1. While the petition contains many grounds of attack upon 20 of the charter, the zoning ordinances of the City of Dublin, and the manner of their enforcement by the mayor and board of aldermen, some of which might, in a proper case, be held to be meritorious (Butler v. City of Dublin, 191 Ga. 551, 13 S. E. 2d 362), the only possible reason alleged for invoking the equitable remedy of injunction in this case is set out in paragraph 21 of the petition, the allegations of which are as follows: "That the Zoning Ordinance of 1950 provides that any person violating any provision thereof shall be punished as provided in Section 78 and Section 79 of the City of Dublin Code. That your petitioners have been threatened with prosecution if they proceed to improve their property above described by said city and under the terms of said ordinance." Held:
A petition which seeks to enjoin a prosecution under a municipal ordinance on the ground that it is unconstitutional, but which fails to allege that any arrest has been made, or that any property has been levied upon, or that there has been any other interference with the person or property rights of the petitioner, and which alleges merely a threat or mere apprehension of prosecution under the terms of the ordinance attacked, fails to state a cause of action. Code 55-102; City of Tifton v. Cooper, 206 Ga. 379
(57 S. E. 2d 196); Thomas v. Mayor &c. of Savannah, 209 Ga. 866
(76 S. E. 2d 796), and cases there cited; City of Bainbridge v. Olan Mills, 207 Ga. 636
(63 S. E. 2d 655); Baker v. City of Atlanta, 211 Ga. 34
(83 S. E. 2d 682).
2. The trial judge erred in overruling the general demurrer to the petition, and all further proceedings are nugatory.

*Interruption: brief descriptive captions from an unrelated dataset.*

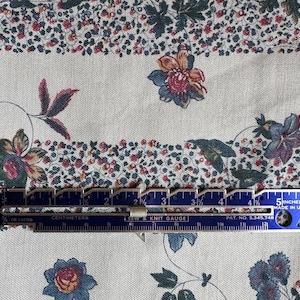 Vintage Floral Striped Fabric Concord Fabric, Fabric by the Yard
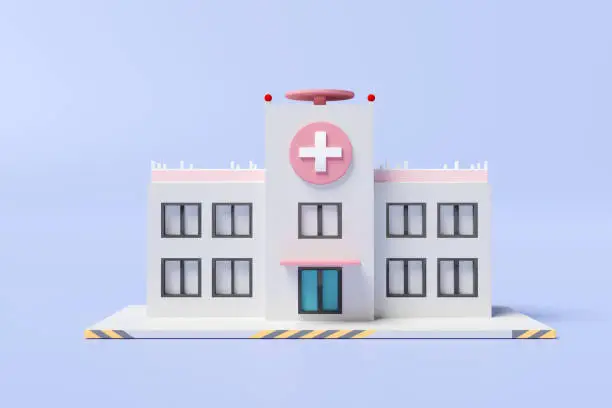 Photo of 3d hospital building icon isolated on blue background. 3d render illustration, clipping path
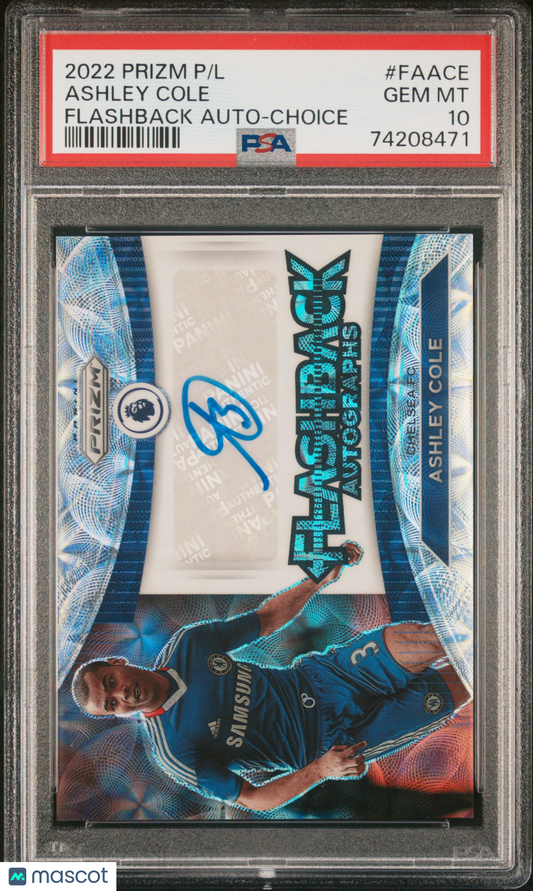 2022-23 Panini Prizm EPL Ashley Cole Auto Choice #FAACE PSA 10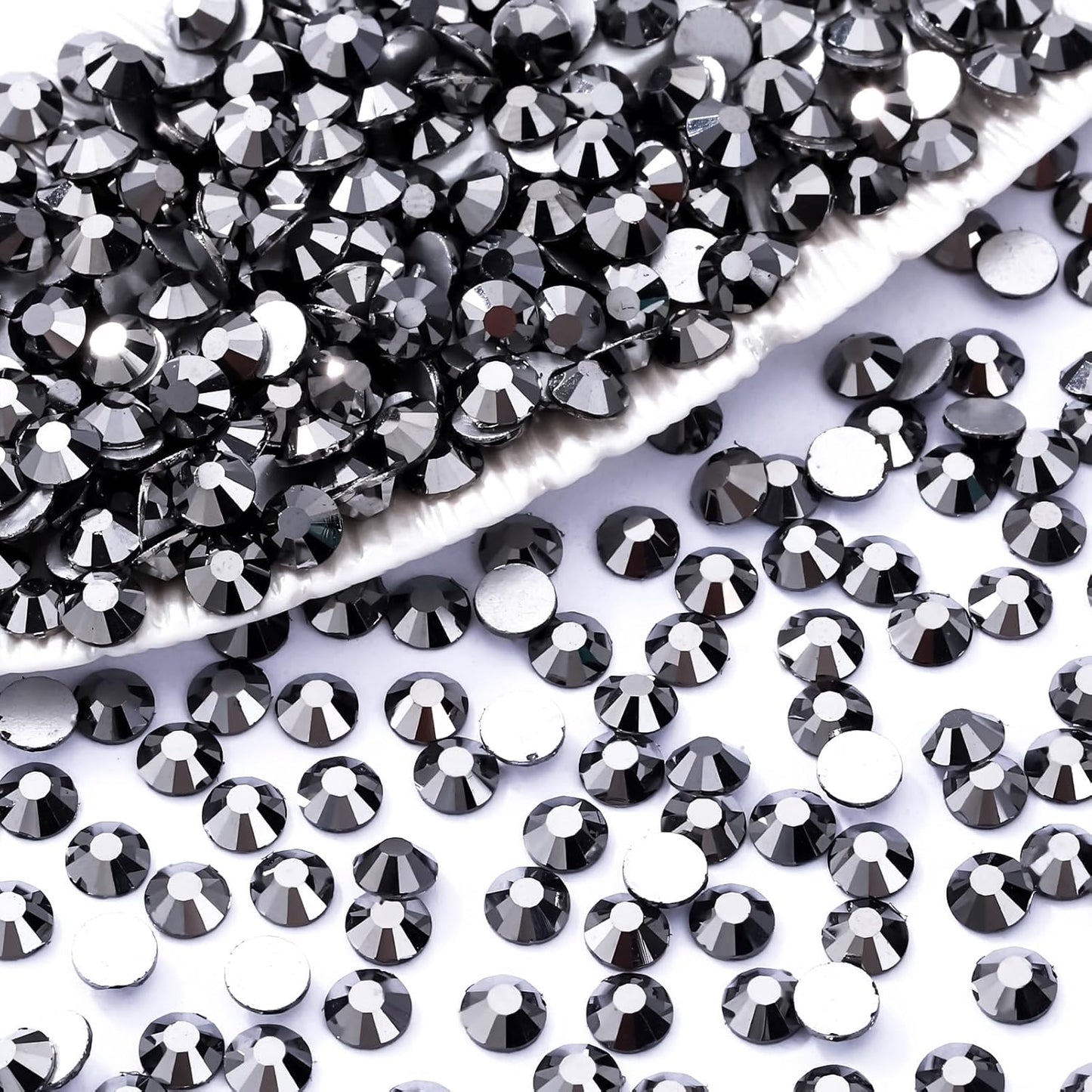 Black Hematite Flatback Rhinestones, Glass Rhinestones for Nail Art and Craft, Glue Fix, Loose Crystal Gemstones(Black Hematite, SS20, 1440pcs, 4.6-4.8mm)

M. H. Sikes and L. K. Keen brought their petition against the City of Dublin and the mayor and aldermen thereof, wherein it was alleged: that the petitioners were the owners of a described tract of land in the City of Dublin; that they had filed an application for a building permit with said city as required by and in compliance with 462 of the Code of 1937 of said city, which provides that, if "any person shall be desirous of erecting any building or structure within the limits of the City of Dublin, he shall make application at the office of the city clerk for a permit for that purpose," and specifies the information to be furnished with the application, and that "it shall not be lawful to proceed to construct . . . any building or structure within the limits of said City of Dublin without such permit"; that the application had been denied by the mayor and board of aldermen "on the grounds that this is in a zoned area"; that 20 of the charter of the City of Dublin (Ga. L. 1937, p. 1771), authorizing the city to enact zoning ordinances, and all zoning ordinances enacted by the city in pursuance thereof, are unconstitutional, null and void, because violative of various provisions of the State and Federal Constitutions for numerous reasons set out in the petition; and "that your petitioners have been threatened with prosecution," by said city under said ordinances if they proceed to improve their property. The petition prayed: "That the defendants be temporarily enjoined and restrained from either personally or by and through their agents and employees in any manner enforcing or attempting to enforce the above mentioned ordinance against your petitioner and further that they be similarly enjoined and restrained from otherwise interfering with your petitioners' use of their property"; that the zoning ordinance be declared null, void, unconstitutional, and of no effect; that the defendants' arbitrary and discriminatory manner of enforcing zoning be enjoined and restrained; for a permanent injunction; and for general relief.
To this petition as amended the defendants demurred generally upon the grounds: (a) there is no cause of action therein set out; (b) it affirmatively appears from said petition that plaintiffs are not entitled to relief therein prayed for; (c) no facts are alleged in said petition to authorize the equitable relief prayed for; (d) it affirmatively appears from the petition that the plaintiffs have a full, adequate, and complete remedy at law. The trial judge overruled the general demurrer; and, after hearing evidence, denied an interlocutory injunction. To the judgment denying the interlocutory injunction the plaintiffs excepted in the main bill of exceptions; and the defendants, by cross-bill of exceptions, assign error upon the overruling of the general demurrer.